Create a Winning Business Plan

Create a Winning Business Plan

You probably wouldn’t set out on a cross-country road trip without a map. Likewise, you shouldn’t start your business without a business plan—an essential tool that lays out how your company intends to grow.

While a strategic plan talks about the overall purpose of your business and your company’s desired results, a business plan is simpler and more practical. At its core, a good business plan demonstrates how your firm will profitably grow over the next three to five years given current resources and abilities.

Creating a business plan isn’t just a creative exercise; in many cases, having a business plan is essential. Banks require a business plan when considering you for a small business loan. A loan officer needs to understand your plan for growth and how you’ll earn the money to pay them back.

Elements of a business plan

Business plans can come in all shapes and sizes, but the best ones have all of these elements:

Executive summary

Briefly explain what your business is, where you want to take it and why it will be successful.

Company description

Provide a high-level view of your business and help funders and potential investors quickly understand what you do and what your competitive advantage is.

Market analysis

Describe your industry and pinpoint your target market, projecting how much share you could possibly gain.

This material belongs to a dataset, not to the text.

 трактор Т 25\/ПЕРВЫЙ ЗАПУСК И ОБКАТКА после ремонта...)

Organization and management list

Describe your organizational structure and highlight your management team.

Product and service lineup

Explain why your services or products are a benefit to potential customers and the need it will fill for them.

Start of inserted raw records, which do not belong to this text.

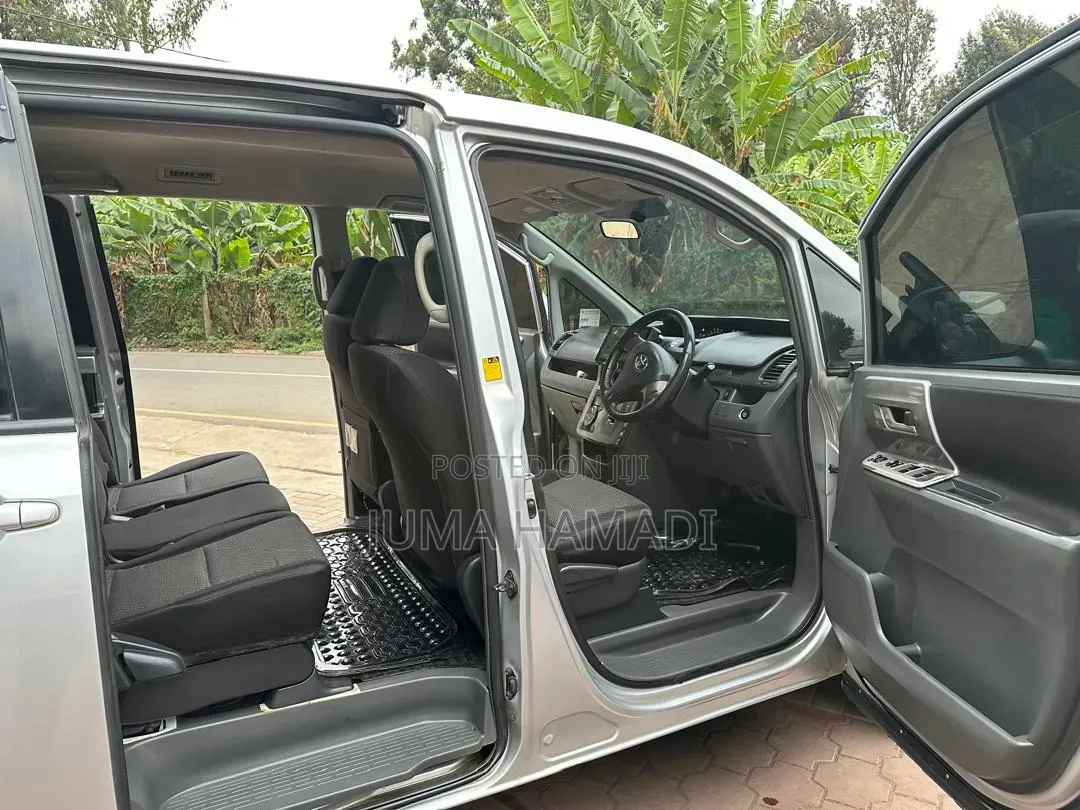 Toyota Noah 2008 Silver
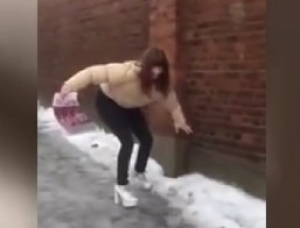 Topuklu ayakkabı giyen kadının buzla imtihanı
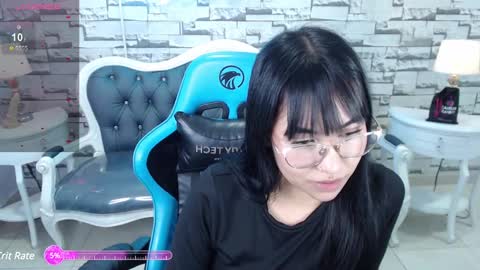 Snapshot of lady_violet_bridgerton_a chatting on 24, 12, 2024 Lady Violet Bridgerton online show from 24, 12, 2024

Marketing and sales strategy

Explain your appeal to customers. Because there are multiple ways to market your business, this section should detail which route you’ll pursue. The sales section describes your sales force and details your sales activities, such as how many sales calls you’ll make over a certain period of time.

Funding request

Only necessary if you are seeking financing. This should include your current funding request and any additional funding you anticipate needing in the next five years as your business grows.

Consider a SWOT analysis

Many modern business plans now include a SWOT analysis, a look at the internal and external factors that can impact your business’s viability. SWOT stands for Strengths, Weakness, Opportunities and Threats, and the analysis is usually conducted drawing a foursquare template, with one element per quadrant.

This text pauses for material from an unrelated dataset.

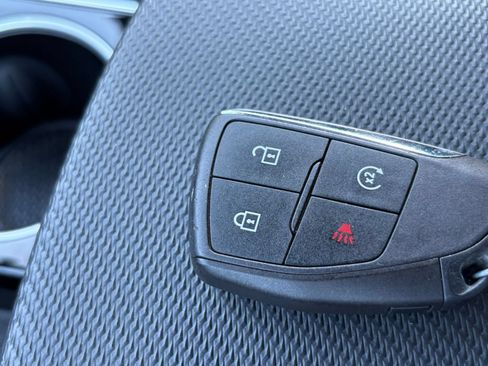 Used 2025 Chevrolet Equinox LT FWD image 25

What is your business doing right? What are your tangible assets, such as capital, credit, customers, patents or technology?


What’s working against your success? What are the areas that need improvement?


What are the external factors that your business can use to its advantage?


What are the external factors that could put your business at risk?

Strengths and weaknesses are internal to your business. You can work to change them over time. Opportunities and threats, though, exist outside your business. But you can control how you respond to them. SWOT analysis can be used by both new and established businesses.

A straightforward business plan—with or without a SWOT analysis—can clarify how you plan to take your business from where it is today to the next level.

Spell out your goals

A business plan is your opportunity to dream big. Take time to explore every road your business could go down, even if you decide not to take your business down some avenues.

If rapid growth is one of your goals, then think through how you’ll finance it. Some financing sources come with strings attached—venture capital may want a say in how your business is managed, for example, but bankers may take a completely hands-off approach.

Need help building your business plan?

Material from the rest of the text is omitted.